Veía a Agnes de pie en el estrecho hueco de la escalera de algún edificio, sin saber dónde estábamos ni cómo habíamos llegado hasta allí. Las paredes de hormigón sin revestir estaban pintadas de amarillo, y la única luz procedía de unos tubos fluorescentes colocados en lo alto de los rellanos. Agnes, recostada en un rincón, me miraba entre miedosa y airada.

Entonces dijo:

—Nunca quise casarme contigo. Me das miedo.

Me movía lentamente hacia ella.

—Nunca me has querido de verdad —dije—, siempre que estábamos juntos pensabas en ese Herbert.

Agnes se deslizaba hacia la escalera, apretándose contra la pared y sin quitarme los ojos de encima.

—¡Estás loco! —me gritó—. Estás enfermo.

Intentaba moverme más deprisa pero algo me lo impedía.

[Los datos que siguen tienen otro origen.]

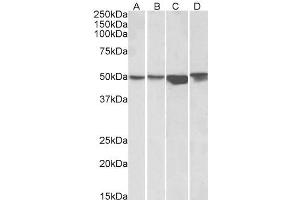 ABIN570904 (1µg/ml) staining of HEK293 (A), A431 (B), HeLa (C) and Jurkat (D) lysates (35µg protein in RIPA buffer). (ILK anticorps  (C-Term))
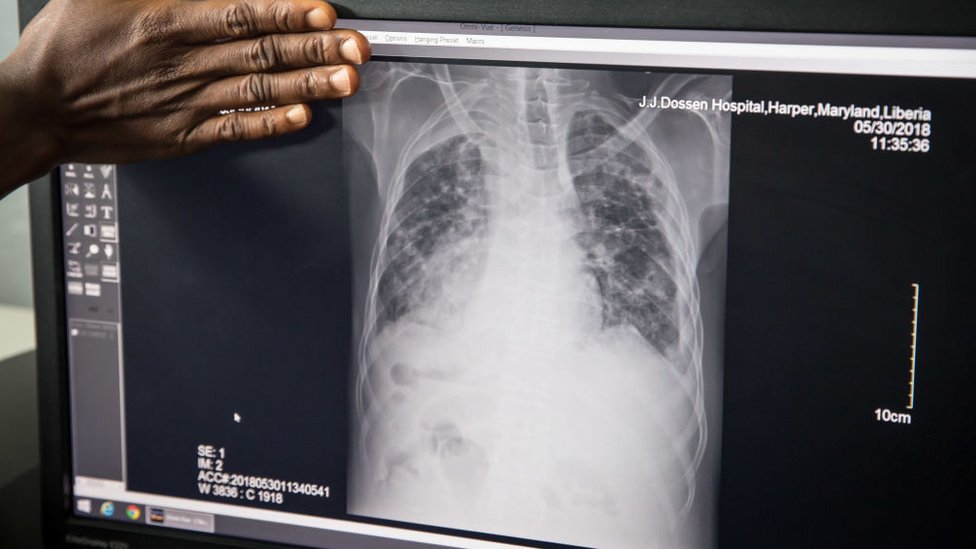 Una radiografía muestra pulmones infectados con tuberculosis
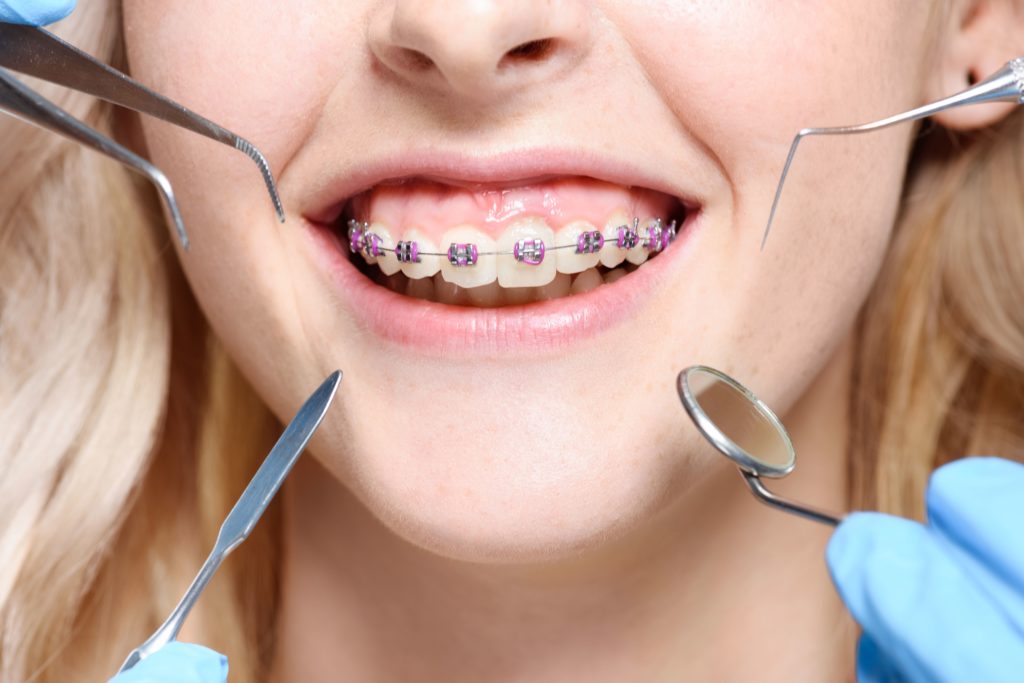 Consejos para cuidar tu ortodoncia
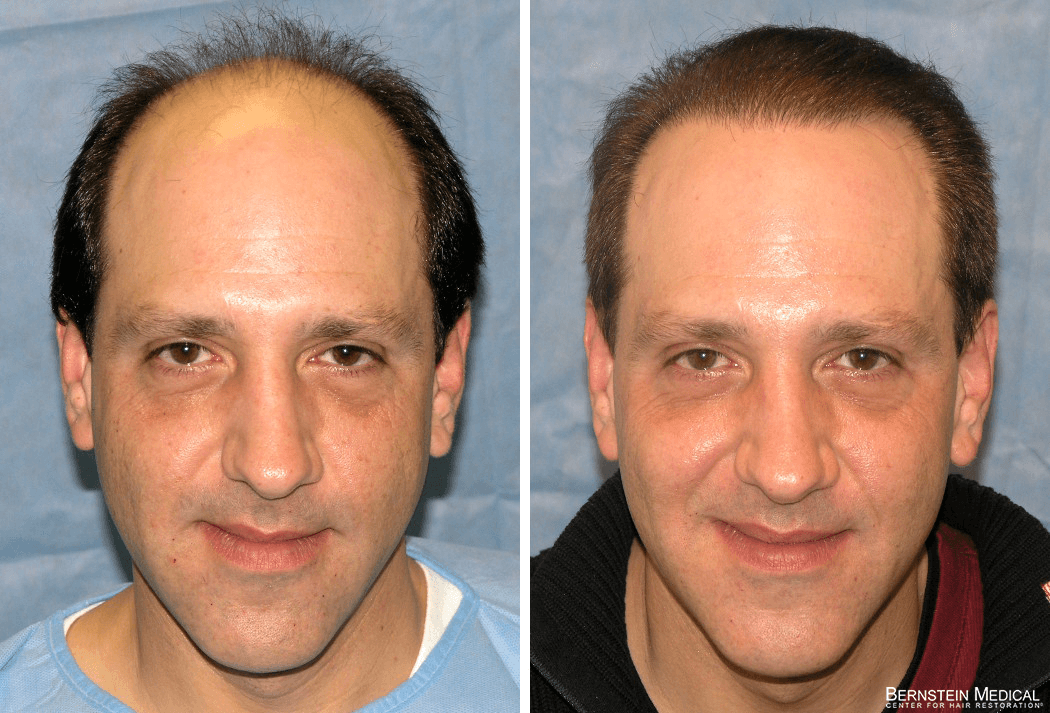 Bernstein Medical - Patient LAB Before and After Hair Transplant Photo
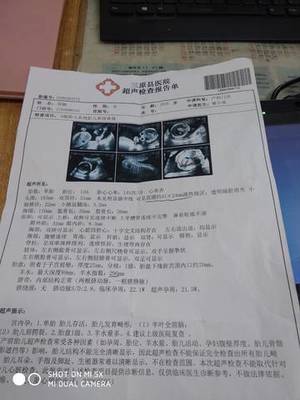 三个月引产要住院吗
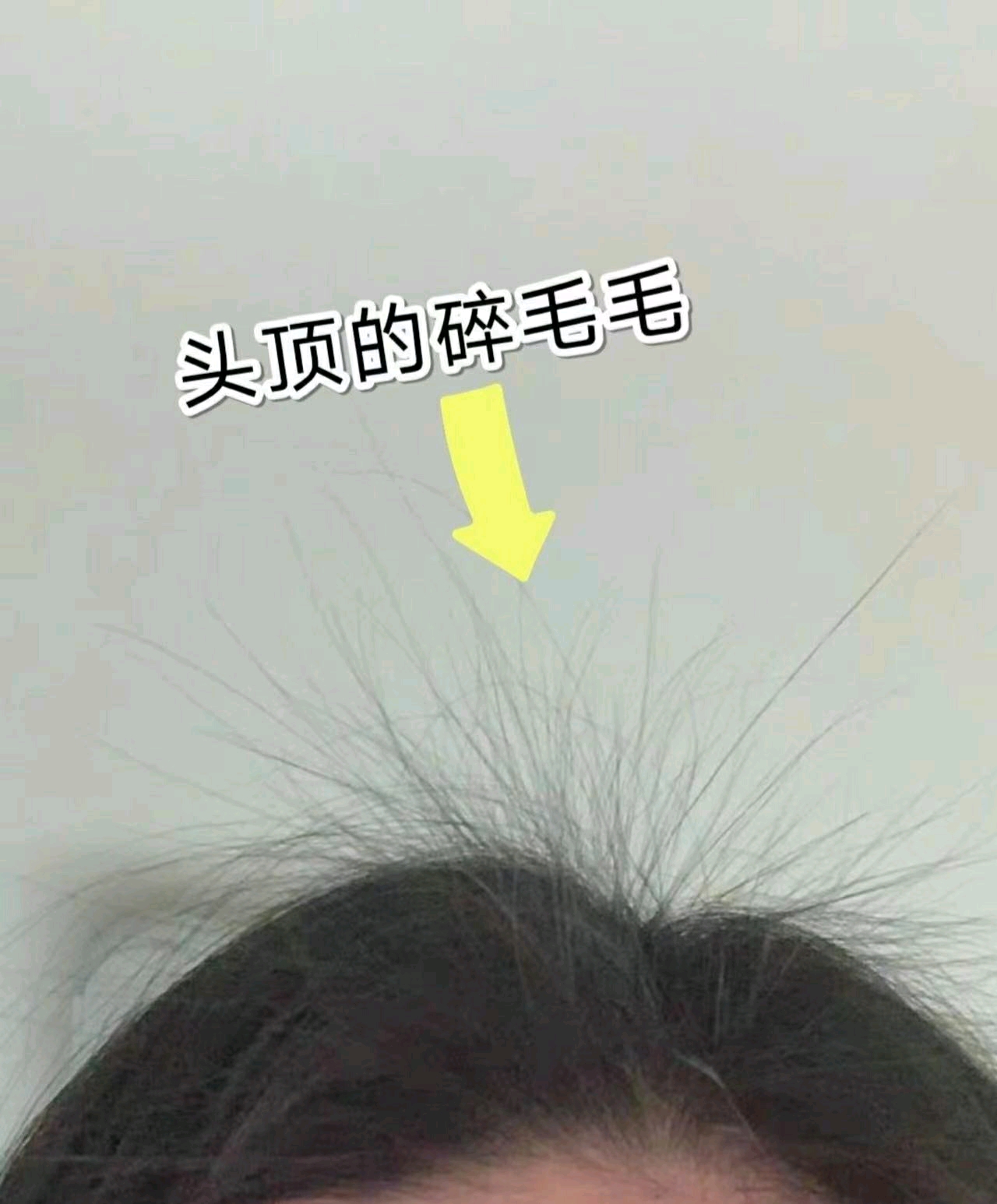 怎么缓解头发脱落 66f56e7d31bae50889e4450c9c13634d3a1a246a.jpg
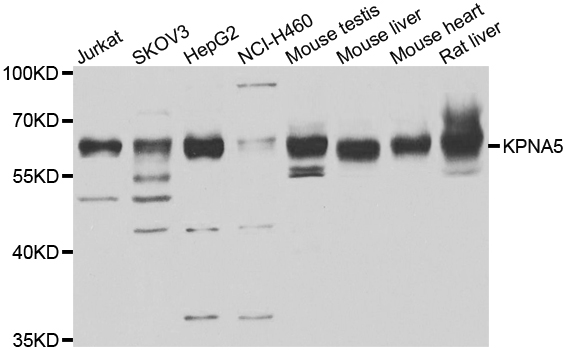 Importin subunit alpha-6 KPNA5 Antibody A09441-2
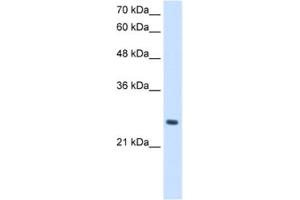 Western Blotting (WB) image for anti-phosphopantothenoylcysteine Decarboxylase (PPCDC) antibody (ABIN2462970) (PPCDC anticorps)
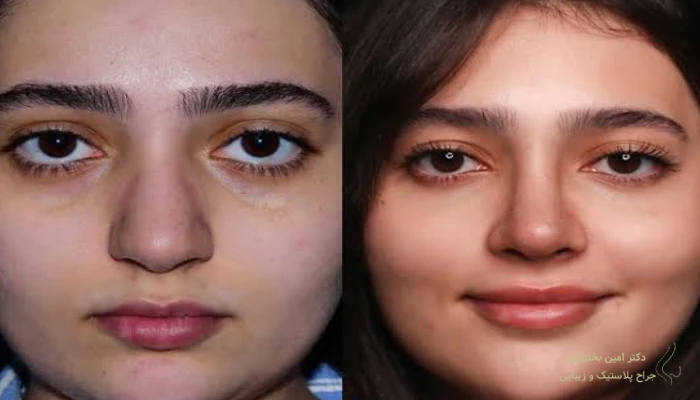 مقایسه قبل و بعد از جراحی زیبایی بینی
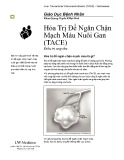 Hóa trị để ngăn chận mạch máu nuôi gan: Điều trị ung thư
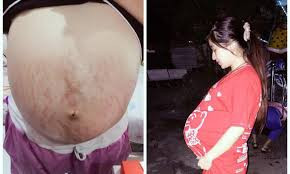 Bên cạnh đó, nhiều chị em còn học hỏi kinh nghiệm, chỉ nhau những mẹo giúp làn da đẹp hơn khi mang bầu. Nhiều người cũng nhận định, là phụ nữ thì khi mang bầu cũng phải đẹp.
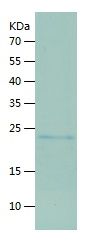 Recombinant Mouse BNIP3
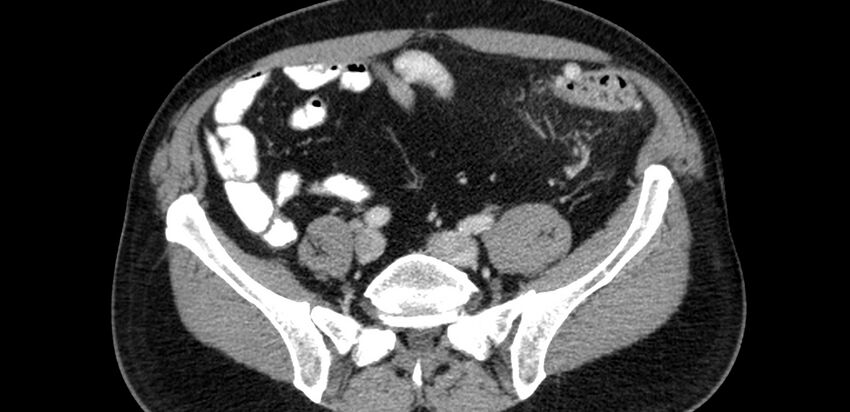 Acute sigmoid colon diverticulitis (Radiopaedia 55507-61976 Axial C+ portal venous phase 64).jpg
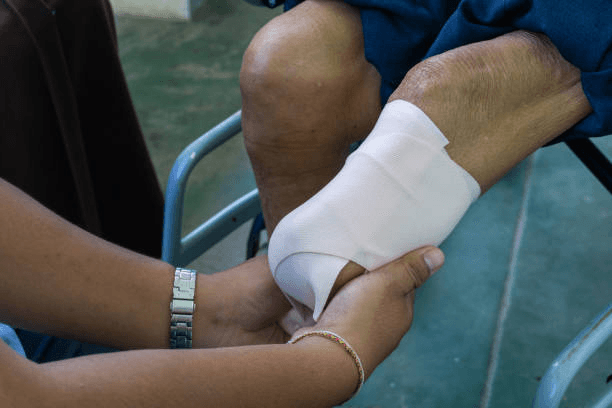 How Surgical Mistakes Can Result in Limb Loss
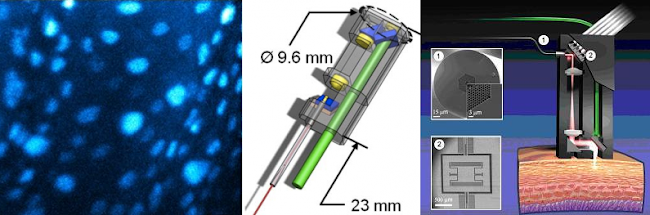 células de cuerda vocal con fluorescencia, esquema del diseño y esquema de funcionamiento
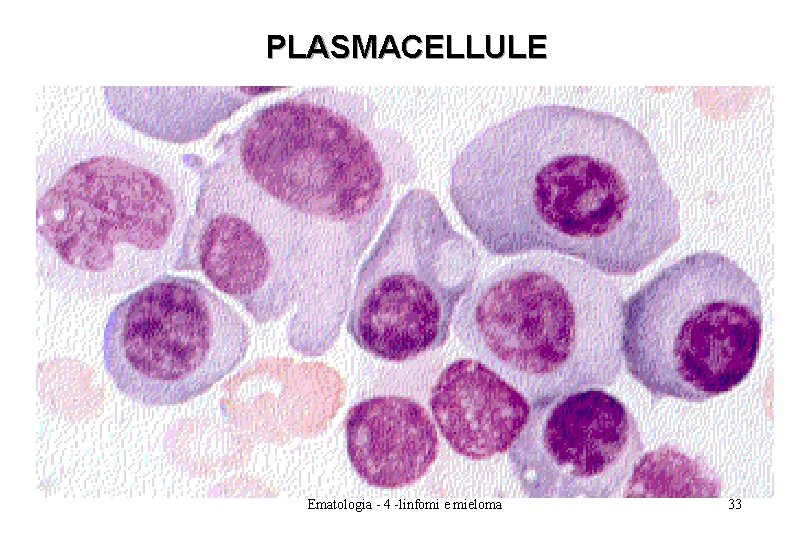 PLASMACELLULE Ematologia - 4 -linfomi e mieloma 33 PLASMACELLULE Ematologia - 4 -linfomi e mieloma 33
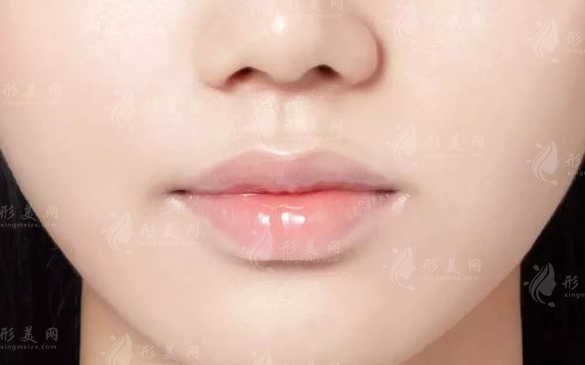 唇部提升手術(shù)：解析與適用人群探討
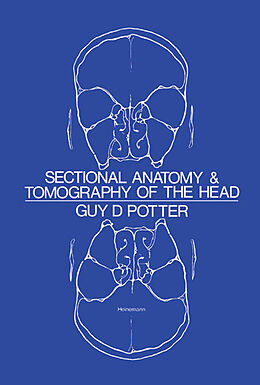 E-Book (epub) Sectional Anatomy and Tomography of the Head von Guy D. Potter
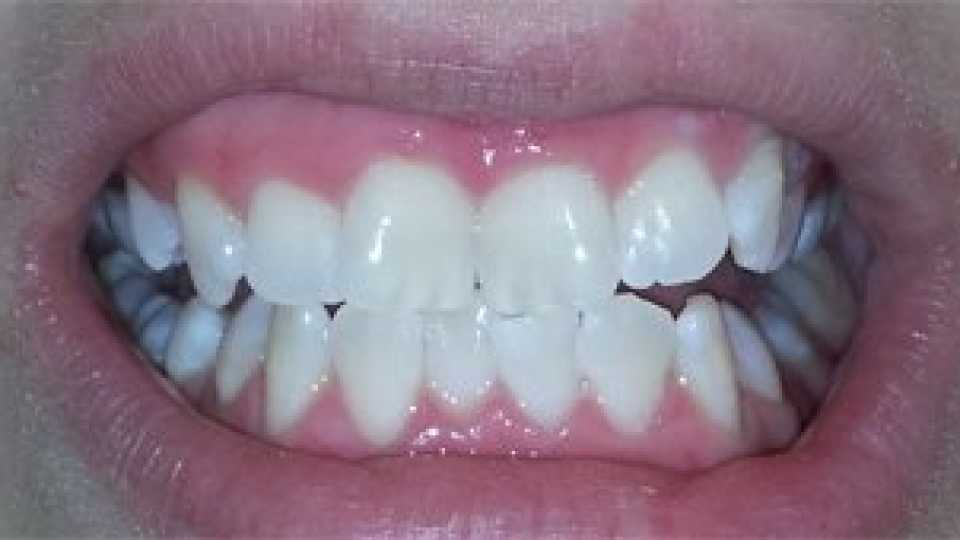 Albire profesională a dinților cu lampă Opalescence Boost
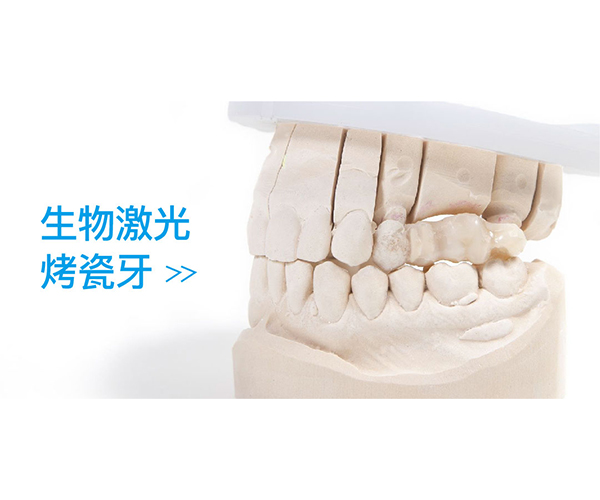 生物激光烤瓷牙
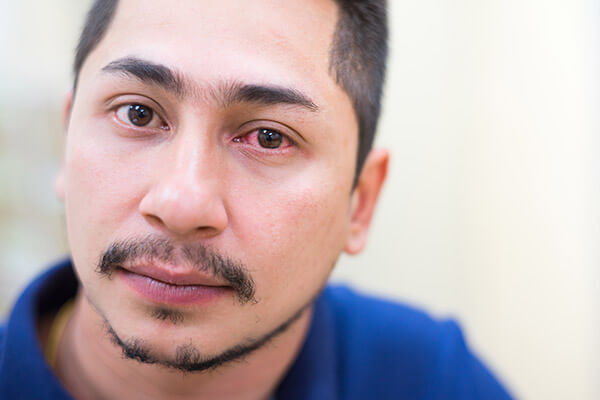 Man With a Red Irritated Eye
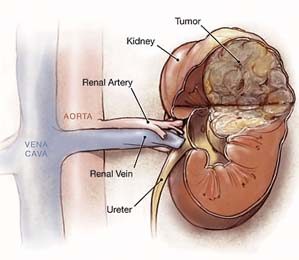 Kidney Cancer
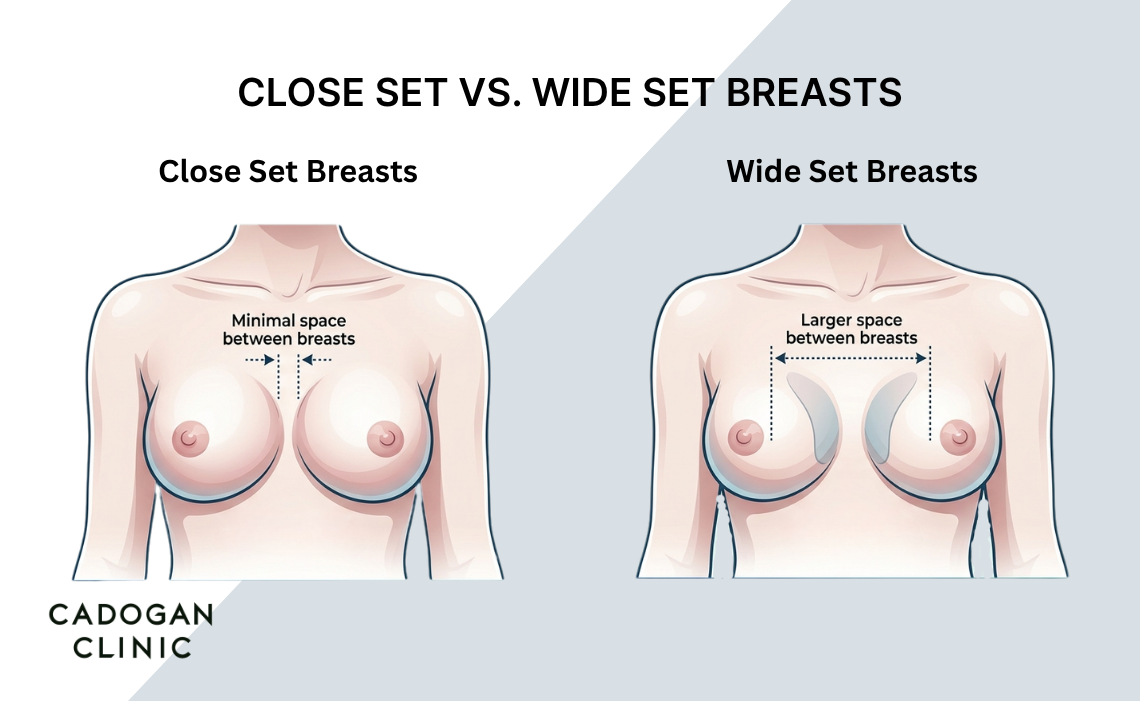 An infographic showing the difference between close set breasts and wide set breasts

Agnes había ganado la escalera, se volvió y echó a correr, hacia arriba. Enseguida la perdí de vista, oyendo sólo sus pasos y mi aliento anómalamente ruidoso. Era como si aspirara y exhalara el aire al mismo tiempo. Subí corriendo por la escalera que parecía no acabar nunca. Luego oí un portazo. Poco después llegué ante la puerta. No tenía manija. Pegué la oreja al frío metal y escuché a Agnes musitar de muy cerca:

—Estás muerto.

Durante todo ese tiempo no había cerrado los ojos, la sala a mi alrededor se había convertido en un cuadro borroso. Algo me devolvió bruscamente a la realidad y me levanté para dirigirme de nuevo al estudio y escribir lo que había visto. Cada frase que plasmaba me hacía percibir ahora el acuerdo o desacuerdo de Agnes. Aunque sabía que quien me guiaba era un personaje onírico, sus palabras me deprimían. En realidad nunca se me había ocurrido preguntar a Agnes si quería casarse conmigo, pero creí que mi inconsciente me había revelado sus sentimientos.